On the trail of a living legend
by Stephen "Sugar" Segerman (edited by Raymond Joseph)

My love affair with Rodriguez's music began in 1972 at the Airforce base in Valhalla, Pretoria. I was doing my compulsory military training, when one night someone in our bungalow brought a home-recorded tape of the new album 'Cold Fact' by Sixto Rodriguez. It was unlike anything we had ever heard and it soon became our anthem - as it was for thousands of other South Africans from all walks of life - for the remaining months of our training.

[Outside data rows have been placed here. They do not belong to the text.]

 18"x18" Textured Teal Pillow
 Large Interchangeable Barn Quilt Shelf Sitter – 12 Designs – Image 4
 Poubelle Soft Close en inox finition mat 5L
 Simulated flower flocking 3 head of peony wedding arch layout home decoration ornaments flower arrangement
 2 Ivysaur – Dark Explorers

Roll the movie forward almost 20 years later to December 1994 when a seemingly unimportant event set off a train of events that ended with Rodriguez, who many believed was long dead, doing a sell-out concert tour in South Africa last month. Sitting with some friends on Camps Bay beach when a woman who had been living in the USA for several years asked me if I knew where she could find a copy of the album 'Cold Fact' as she had been unable to find it anywhere in the States. I told her that she could walk across the road and buy it at the local CNA, which she did. I then set out to try and find the first Rodriguez album which I knew as 'After The Fact' but had never heard. A hunt of all the record stores in Jo'burg proved fruitless - until a friend Andre casually mentioned that he had a copy of that album in his record collection. To cut along story short, we handed over the album to PolyGram, who had lost the master tapes, so they could remaster it. We handed it over to them with some liner notes - and finally, about 3 years ago (actually April 1996), it was released on CD.

We had been unable to find a single reference to Rodriguez in any music reference book or on the Internet - the man had simply disappeared. Finally music detective extra-ordinaire Craig Bartholomew struck gold when after months of searching, he finally dicovered Rodriguez was very much alive and well and living in Detroit, Michigan.

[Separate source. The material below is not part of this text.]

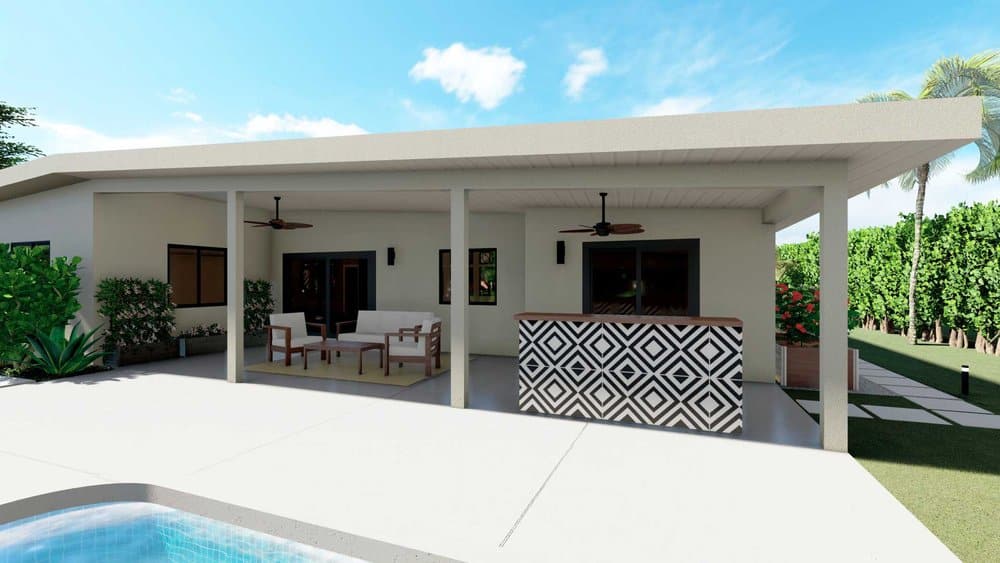带庭院的棕榈滩景观设计万博官网手机版网页版登录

Then, on Sunday 14th September 1997, I received an e-mail from Eva Rodriguez Koller, Rodriguez's daughter, who asked me to phone her at her home in Junction City, Kansas. She told me her father was something of a recluse and she did not want to give out his phone number without his permission - although she added he might be willing to discuss the possibility of a tour to South Africa. An hour later, the phone rang and it was Rodriguez himself, speaking with a soft American accent, asking to speak to me. I told him about his cult status in South Africa, he told me that he would love to tour South Africa as he had completed a very successful tour of Australia over 15 years ago.

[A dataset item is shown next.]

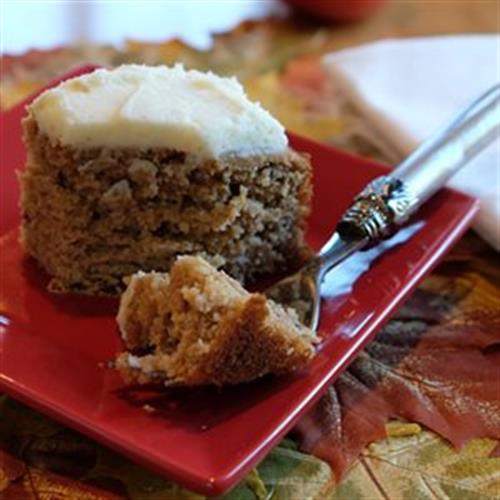 Apple Spice Cake with Vanilla Bean Cream Cheese Frosting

In early February 1998, Eva announced via email and on the web-board that the tour details had been finalised and that Rodriguez would be touring South Africa during March 1998. People all over South Africa were stunned to hear Rodriguez would soon be walking out onto a South African stage to receive the cheers, applause and overdue adulation that he had waited so long to receive.

The rest, as they say, is history. Rodriguez played sell-out concerts in Cape Town, backed by Big Sky and a tour of Australia and maybe the US, where he has never appeared on stage, are on the cards. So watch out for Rodriguez, who just could be the next big thing out of South Africa.